Did you notice anything strange? Well, it’s hard because of this article’s format, but Jonah’s prayer is entirely in the past-tense, as though everything he was talking about had already happened- as opposed to it going on as he prayed at the time. It’s a little odd, since usually when someone prays in the Bible such things are written in present tense to give you an idea of their situation. But Jonah’s prayer isn’t recorded in the present tense suggesting that when he prayed inside the fish, he was actually using the past tense. There’s some precedent for this though. Jesus taught believers; “Therefore I tell you, whatever you ask for in prayer, believe that you have received it, and it will be yours” (Mark 11:24). So the Lord is telling us that when we pray we should think of said prayer as already being answered. Jonah realized that God heard him when he prayed and he believed that the Lord would answer the prayer- or more to the point, that the prayer was already answered. So in his faith, he prayed as though God had already responded. The Gospel records,
Jesus replied, “I tell you the truth, if you have faith and do not doubt, not only can you do what was done to the fig tree, but also you can say to this mountain, ‘Go, throw yourself into the sea,’ and it will be done. If you believe, you will receive whatever you ask for in prayer” (Matthew 21:21-22).
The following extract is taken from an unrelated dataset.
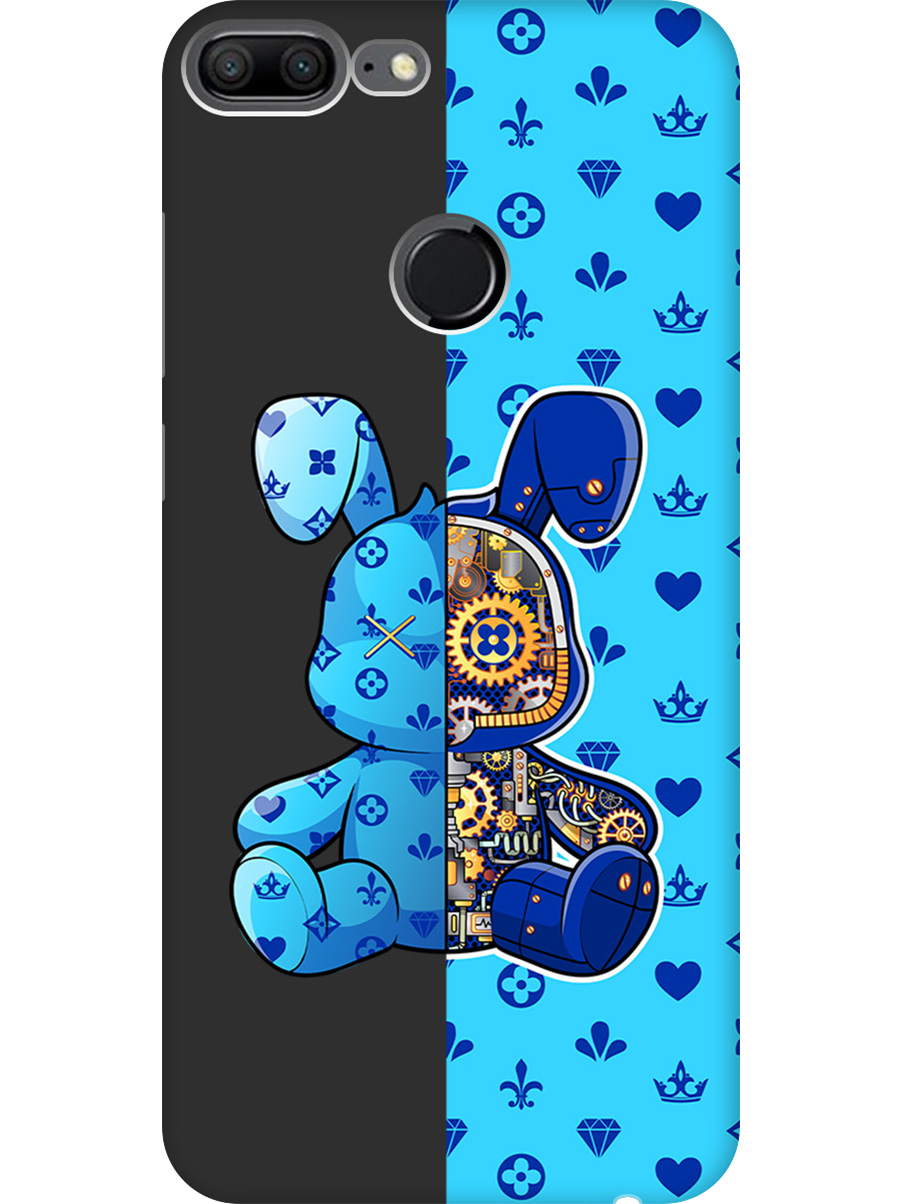 Силиконовый чехол на Honor 9 Lite с принтом "Голубой Кролик с механизмом" матовый черный, Черный;голубой;синий, 717568471
Силиконовый чехол на Honor 9 Lite с принтом "Голубой Кролик с механизмом" матовый черный, Черный;голубой;синий, 717568471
So a lesson throughout the Bible is that when we pray we should believe that the Lord has already answered us. After all, God is without time, so theoretically, all of your prayers have already been heard and answered since the beginning of the world.
So, is grammar important to prayer? No! Even Jonah prayed differently at different times. Here’s an example of him just praying normally to God:
He prayed to the Lord, “O Lord, is this not what I said when I was still at home? That is why I was so quick to flee to Tarshish. I knew that you are a gracious and compassionate God, slow to anger and abounding in love, a God who relents from sending calamity. Now, O Lord, take away my life, for it is better for me to die than to live” (Jonah 4:2-3).
The key, rather, is to realize God’s power and understand his love for you; and his desire to help you. Remember what Christ told us in Matthew 7:11, “If you, then, though you are evil, know how to give good gifts to your children, how much more will your Father in heaven give good gifts to those who ask him!” Don’t throw your prayers out into the open air, but direct them – if it helps, visualize that you’re talking to Jesus himself (because you are!) God is listening, no matter who you are or what your situation is. So pray and talk to the Lord about everything and expect a response. James 4:2 says, “You want something but don’t get it. You kill and covet, but you cannot have what you want. You quarrel and fight. You do not have, because you do not ask God.” So just pray, you literally have nothing to lose because the Lord already knows your heart and what you want and need. As it is written, “And pray in the Spirit on all occasions with all kinds of prayers and requests. With this in mind, be alert and always keep on praying for all the saints” (Ephesians 6:18).